A questão é que, embora dicionarizada, a forma “castanha-do-brasil” não é a mais corrente entre os brasileiros, como se pode comprovar por meio dos anúncios publicitários dos supermercados ou mesmo da fala das ruas. De onde vem então essa onda que tende a substituir “Pará” por “Brasil”?
Uma hipótese plausível é a influência inglesa. Afinal, em inglês nossa castanha é chamada de Brazil nut — o que faz certo sentido: falantes do inglês mal sabem onde fica o Brasil, que dirá o Pará?
Mas seria essa nossa tendência à troca de denominação resultado apenas da força do colonialismo linguístico anglofalante? Como se chama essa castanha em Portugal? (Minhas pesquisas a respeito resultaram inconclusivas.)
Na Região Norte do país, onde é produzida, a castanha também é chamada de tocari e tururi, nomes indígenas nativos. A denominação que faz referência ao Brasil, ao lado da forma equivalente a “noz amazônica”, prevalece em outros idiomas, como o francês e o italiano; o espanhol e o alemão admitem as três referências (Brasil, Pará e Amazônia).
O mais curioso de tudo é que o maior exportador dessa semente não é o Brasil e sim a Bolívia, onde é chamada de almendra, “amêndoa”.
Boas Festas a todos!
Por falar em anglicismo, uma expressão que parece em uso crescente é “não é sobre…” em contexto como “não é sobre privilégio, é sobre justiça” (referindo-se às cotas, por exemplo). Parece um calque de “it’s not about…”. Essa expressão poderia ser traduzida por “não se trata de…”.
Fábio, leia esta postagem: https://diariodeumlinguista.com/2018/06/19/e-sobre-nao-macaquear-os-gringos.
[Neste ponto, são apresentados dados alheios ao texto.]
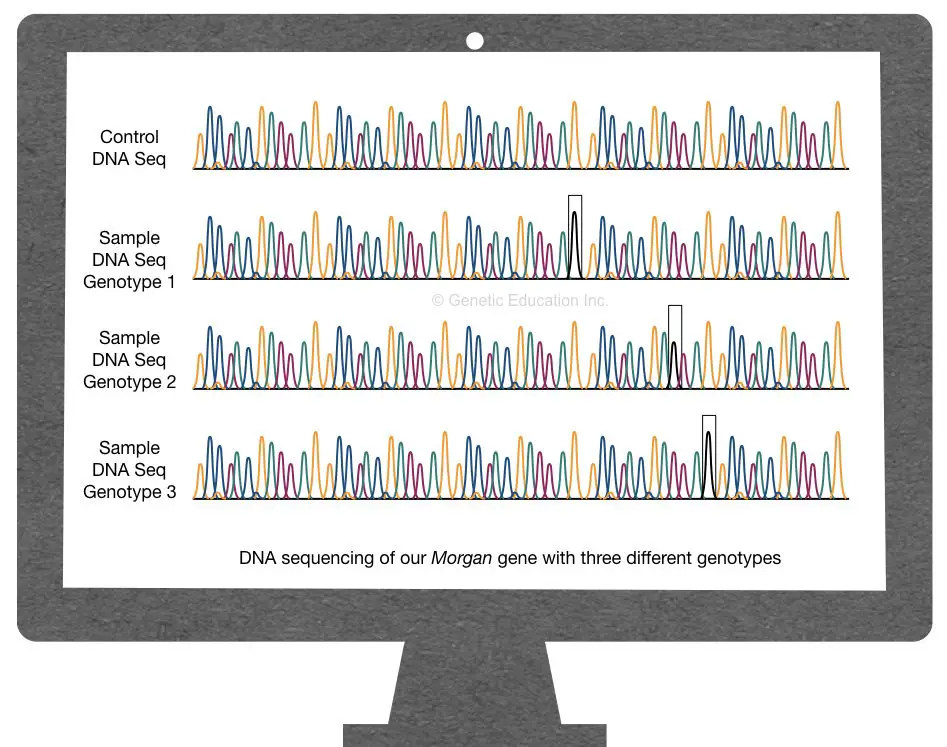 What is a genotype?- definition, frequency and methods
Li o texto, Aldo. Excelente! Penso exatamente o que está expresso nele.
Obrigado pela resposta.
Uma questão que gostaria de comentar (talvez já tenha escrito sobre isso aqui) é sobre outro “modismo” que notei de uns anos para cá, mas desta vez interno ao próprio português. É a concordância ou não com o nome “nacionalidade” em documentos como a carteira de identidade. Vejo que as pessoas começaram a fazer a concordância entre “nacionalidade” e o gentílico: “Nacionalidade: brasileira”, mesmo quando o indivíduo é do sexo masculino. Já vi até gente querendo “corrigir” a concordância contrária: “Nacionalidade: brasileiro”. referindo-se a cidadão do sexo masculino. Pessoalmente, acho descabida a concordância com “nacionalidade”. Considero que há aí uma questão de dêixis, ou seja, a nacionalidade de que trata o documento é do indivíduo, portanto, extralinguística. Não deve concordar com o substantivo. É como se alguém perguntasse: Qual a sua nacionalidade? ou apenas Nacionalidade? Acho que nenhum homem responderia “brasileira!”.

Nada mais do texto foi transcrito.